The tangent line is the cheapest answer that still gets the slope right. Linearization replaces a hard problem with an easy one — valid in a regime, wrong outside it, always. The discipline is the regime.

exercises · 손으로 풀기

1small-angle by handno calculator

Linearize $f(x) = \sin x$ at $a = 0$ . Use the linearization to estimate $\sin 0.1$ . The true value (3 decimals) is $0.0998$ . What is the error? About what fraction of $x$ is it?

2exponential at zerono calculator

Linearize $f(x) = e^x$ at $a = 0$ . Estimate $e^0.2$ . The true value is about $1.2214$ . Compare with $e^0.5$ (true: $1.6487$ ). What does the relative error pattern look like as the deviation grows?

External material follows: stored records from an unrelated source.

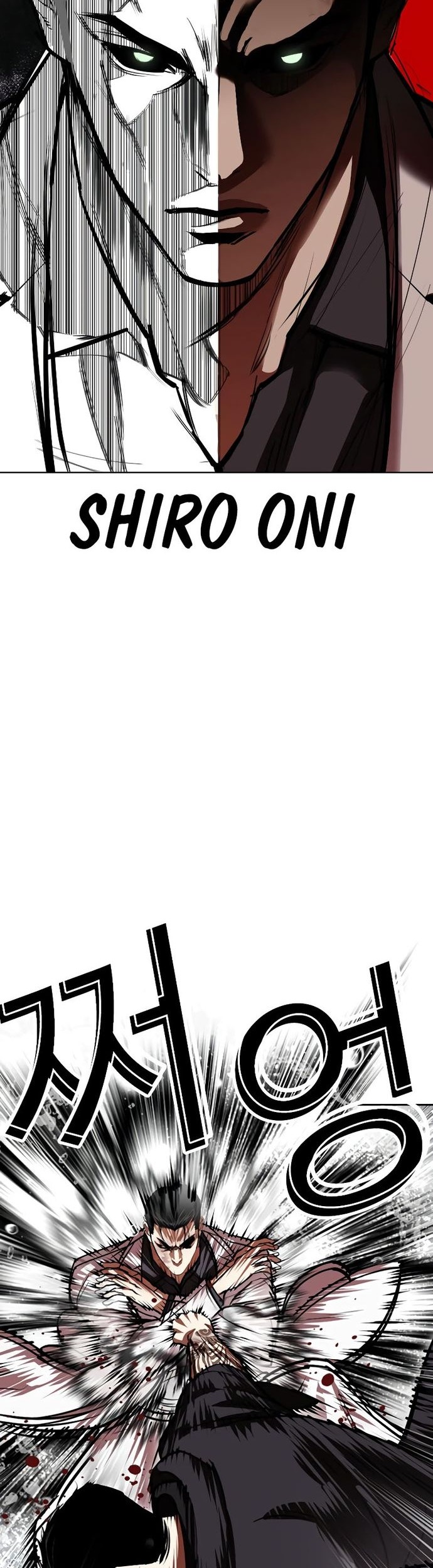 Manhwa Lookism Chapter 530 gambar nomor 2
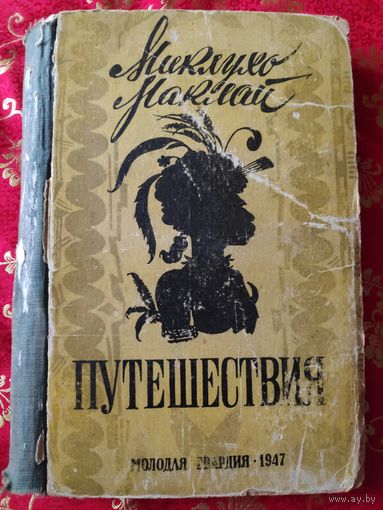 Миклухо-Маклай. Путешествия. 1947 г.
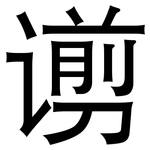谫: 黑体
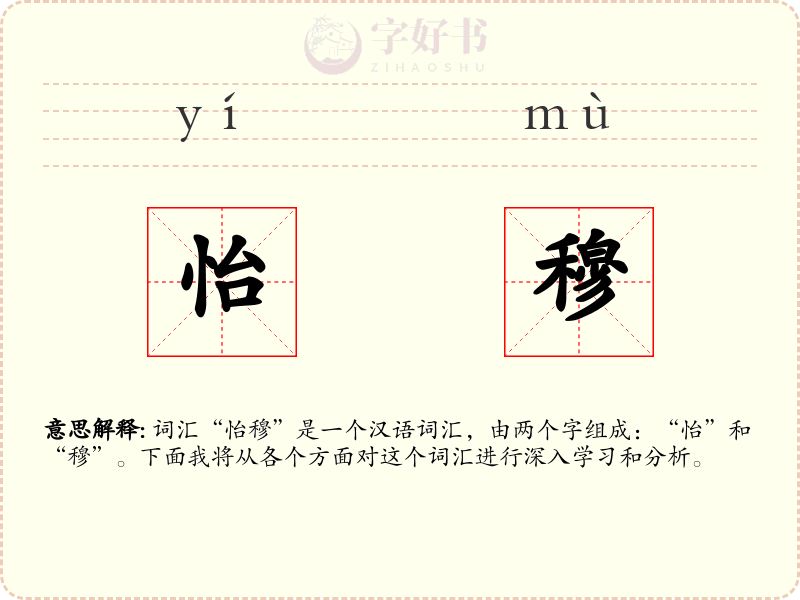 怡穆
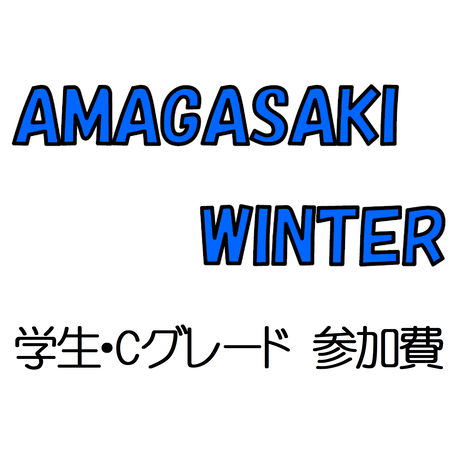 592c43c5ed05e65dfd003d58
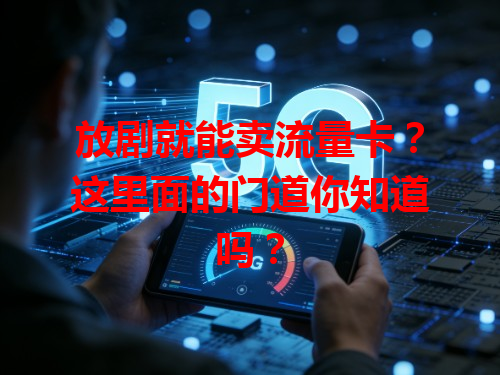 放剧就能卖流量卡？这里面的门道你知道吗？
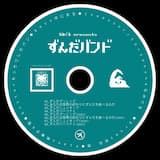 ずんだパーリナイ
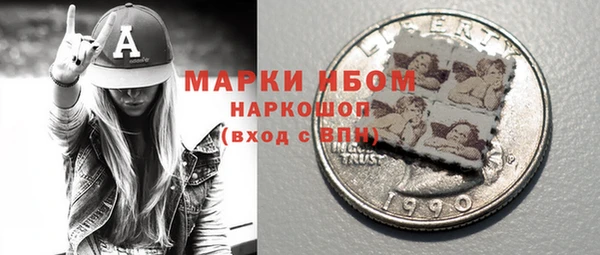 кристаллы Медвежьегорск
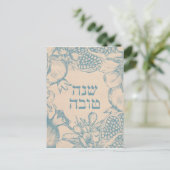 Hebrew Shana Tova Rosh Hashana Joods nieuwjaar Briefkaart (Staand voorkant)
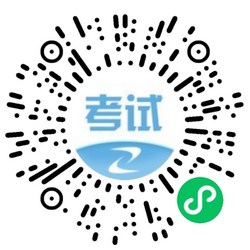 房估成績(jī)查詢(xún)訂閱提醒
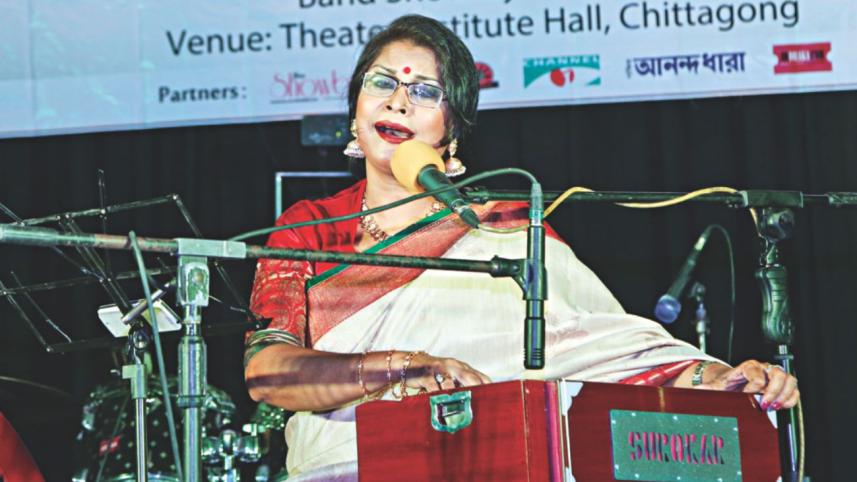 Rezwana Chowdhury Bannya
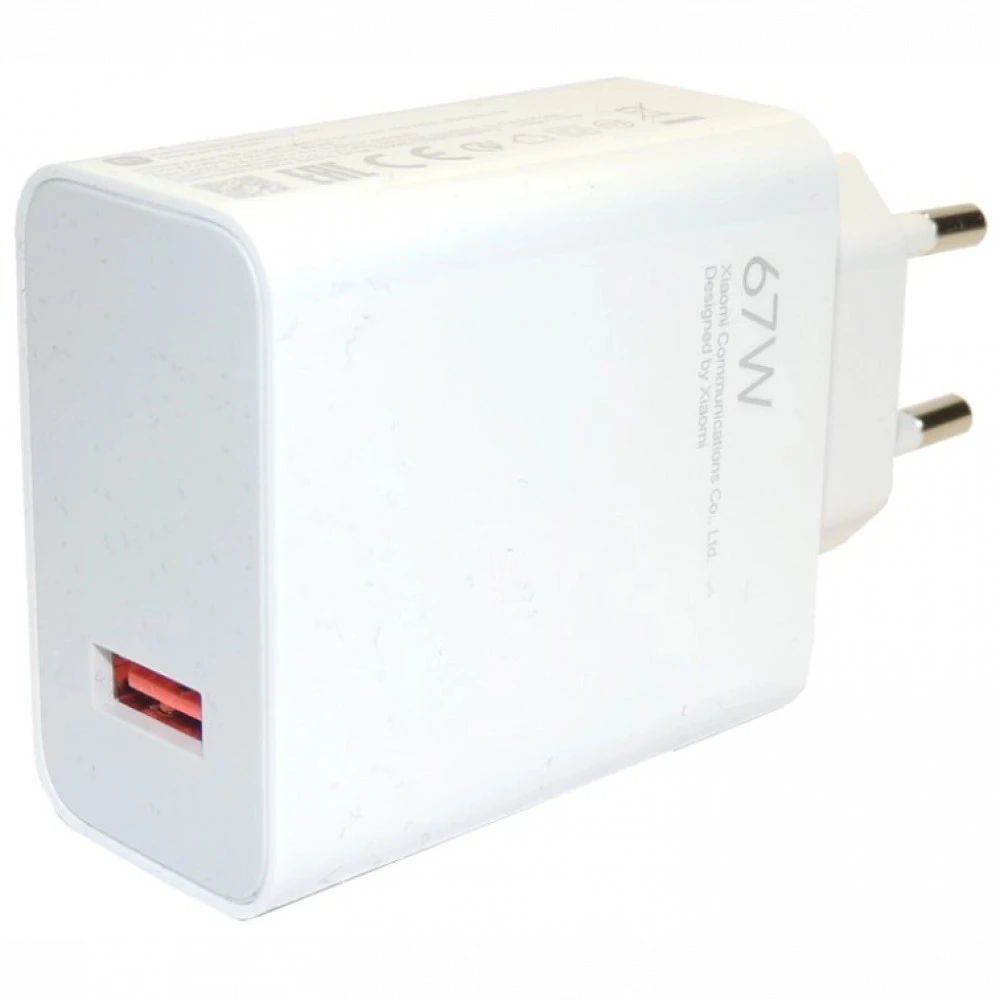 Supermicro 67W Charging Combo (Type-A) EU MDY-12-EH 67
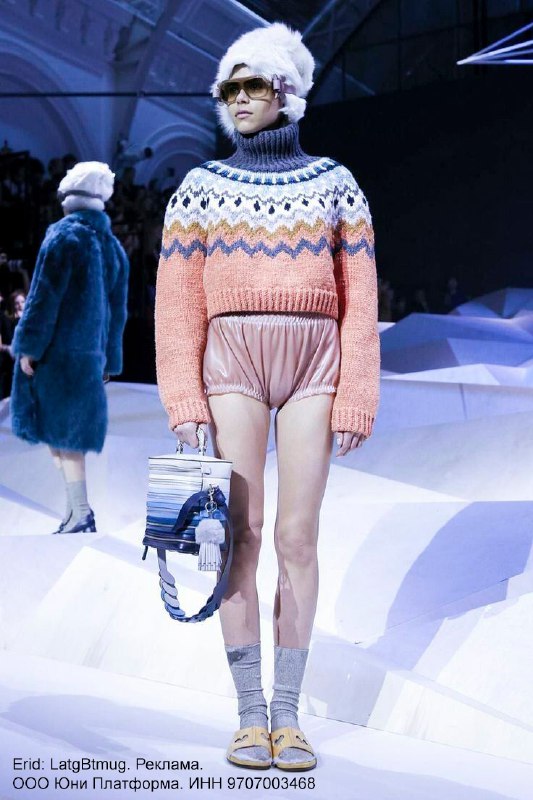 Тренды маркетинга 2024: почему молчат про email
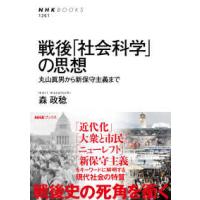 ＮＨＫ　ＢＯＯＫＳ  戦後「社会科学」の思想―丸山眞男から新保守主義まで | 紀伊國屋書店Yahoo!店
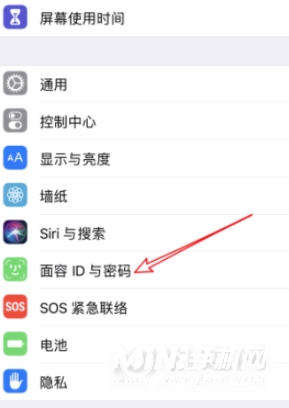 iPhone13怎么设置面部解锁-最多支持录入几个人脸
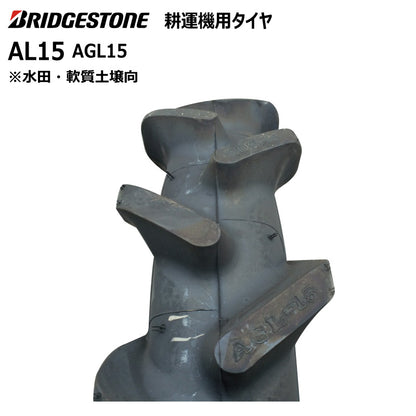 ブリヂストン AL15 耕うん機用タイヤ・チューブ 各2本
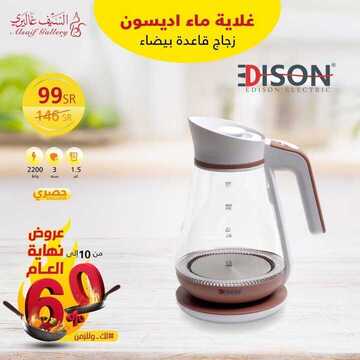 عروض السيف غاليري اليوم 16 ديسمبر 2019 الموافق 19 ربيع الاخر 1441 8 7155074933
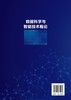 数据科学与智能技术概论 刘培胜 常东超 普通高等教育十三五规划教材 计算思维云计算大数据人工智能及应用 计算机自学参考书 商品缩略图1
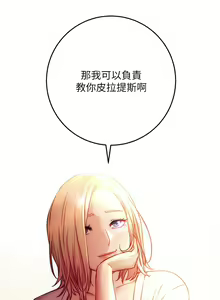 Page 474 of 换个姿势好吗？1-36 完结 - preview thumbnail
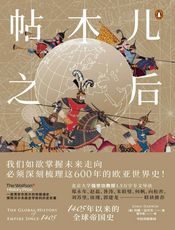帖木儿之后：1405年以来的全球帝国史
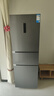 新飞260L三门变频一级能效 风冷无霜宽幅智能变温节能冰箱  BCD-260WK3AT 国家补贴 实拍图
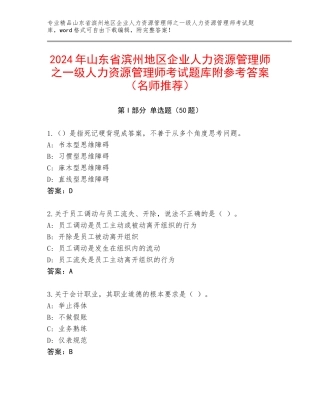 2024年山东省滨州地区企业人力资源管理师之一级人力资源管理师考试题库附参考答案（名师推荐）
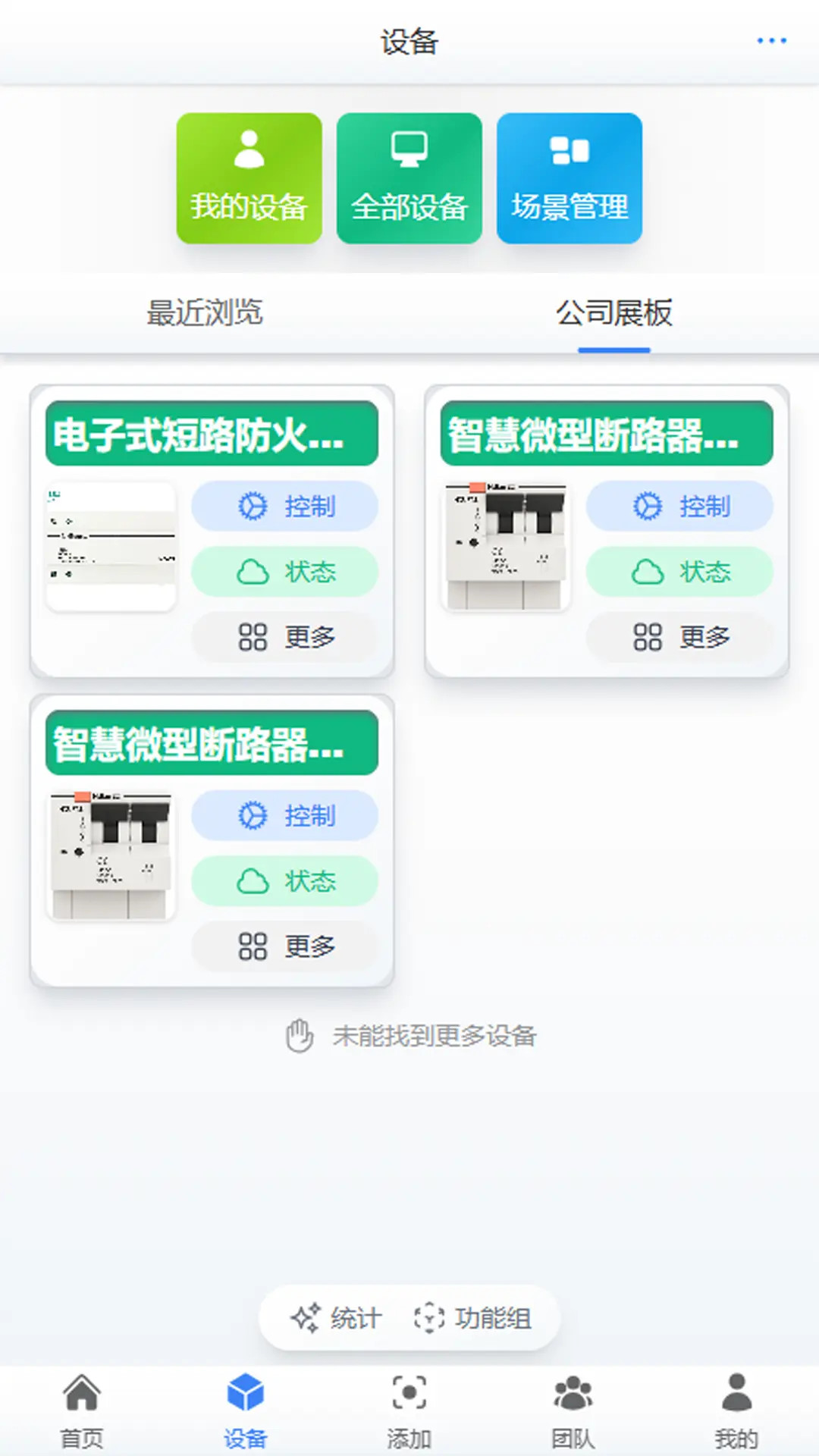 精彩截图-北电科技安全电2026官方新版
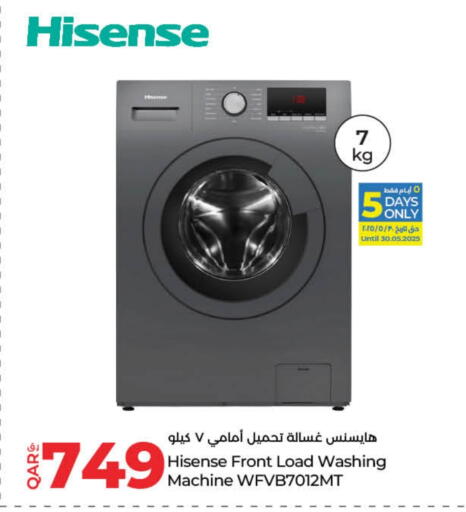Large Appliances in LuLu Hypermarket, Qatar Offers - Qatar HISENSE Washing Machine available at LuLu Hypermarket in Qatar - Al Khor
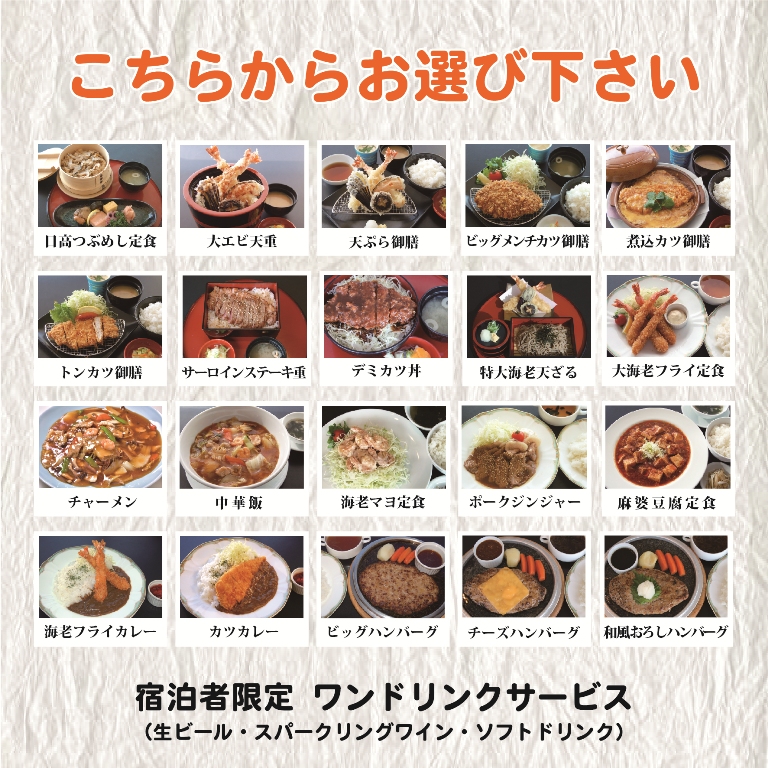 【厳選20品】お好きなご夕食に舌鼓♪1泊2食付き夕食セレクトプラン★ワンドリンク＆デザートサービス★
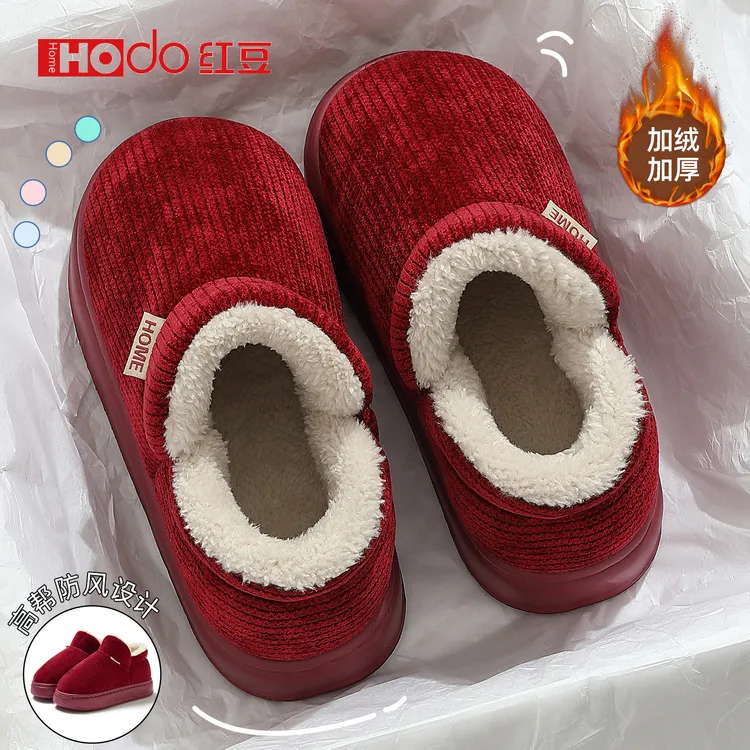 红豆高帮棉拖鞋女款包后跟冬季外穿防滑加绒厚底本命年红色棉鞋女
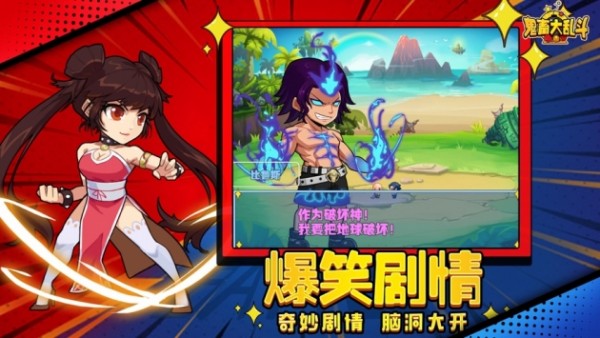 鬼畜大乱斗 截图5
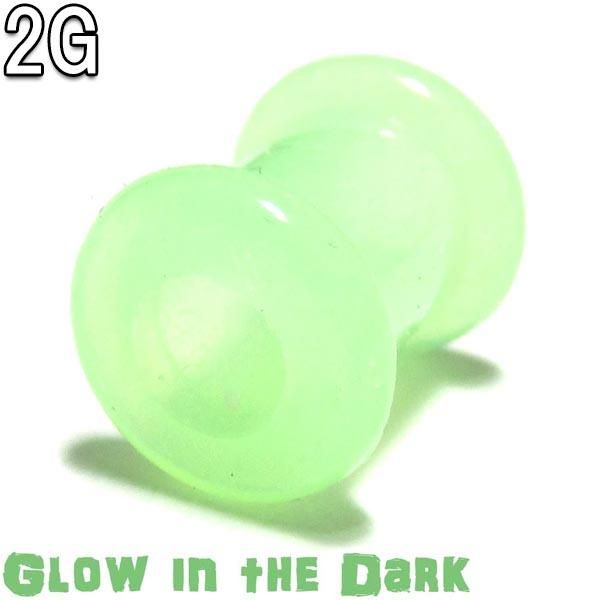 ܥǥԥ ꥳ GLOW IN THE DARK(󡦥)߸ ֥ե쥢åȡ2G(6.2mm) BPDF-05-02G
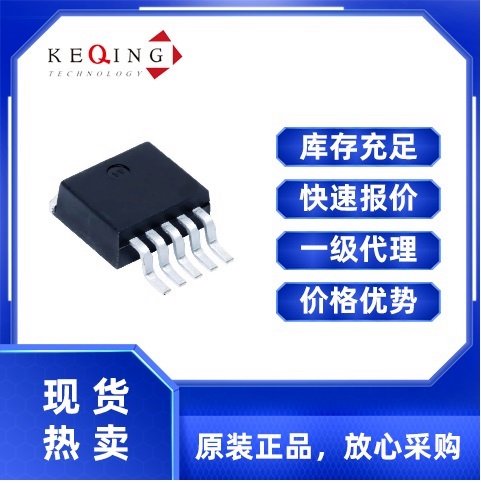 SPX1587AT-L/TR 电源管理芯片 TO263 输入电压 工作温度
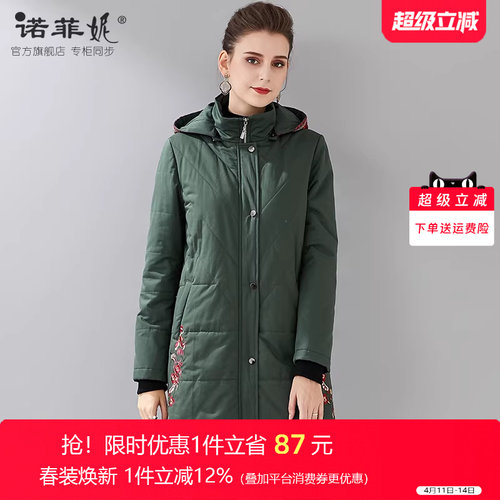品牌女装新款40-50妈妈防寒外套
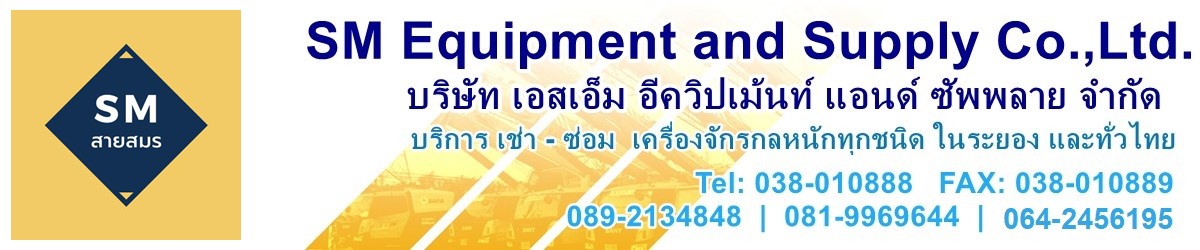 เช่าเครน SM-CRANE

3Newton step as linearization

Suppose you want to solve $f(x) = 0$ for some nonlinear $f$ . You have a guess $x_n$ . Linearize $f$ at $x_n$ and find where that line crosses zero. Show that the next guess is $x_(n+1) = x_n − f(x_n) / f'(x_n)$ . What breaks this iteration?

4why gradient descent's η has a ceiling

The first-order Taylor approximation of the loss $L(w + d) ≈ L(w) + ∇L(w) · d$ is honest only for small $\|d\|$ . The gradient descent step chooses $d = −η · ∇L$ . Use the second-order term to argue why the toy quadratic loss in /ml/gradient-descent has a hard $η$ ceiling at $2/L''(w_)$ .

glossary · used on this page · 2

linearization·선형화

Replacing a nonlinear function near a chosen point by its tangent line — keeping only the constant and first-derivative terms of the Taylor expansion. Near `x = 0`, `sin x ≈ x`, `cos x ≈ 1 − x²/2`, `e^x ≈ 1 + x`. The approximation is excellent for small `|x|` and grows wrong as `|x|` increases. Mechanical clocks, electrical circuit analysis, control systems, and most of "the engineering equations" are linearized versions of much harder nonlinear ones, valid in the small-deviation regime where everything in the system is supposed to live.

tangent line·접선

A straight line that touches a curve at a single point and matches the curve's direction there. Its slope at the point of contact equals the derivative of the function at that point: `m_tangent = f'(a)`. The tangent is what the secant becomes in the limit as its two intersection points merge — the curve's _instantaneous direction_ made visible as a line. Distinct from the trigonometric tangent; same word, different concept.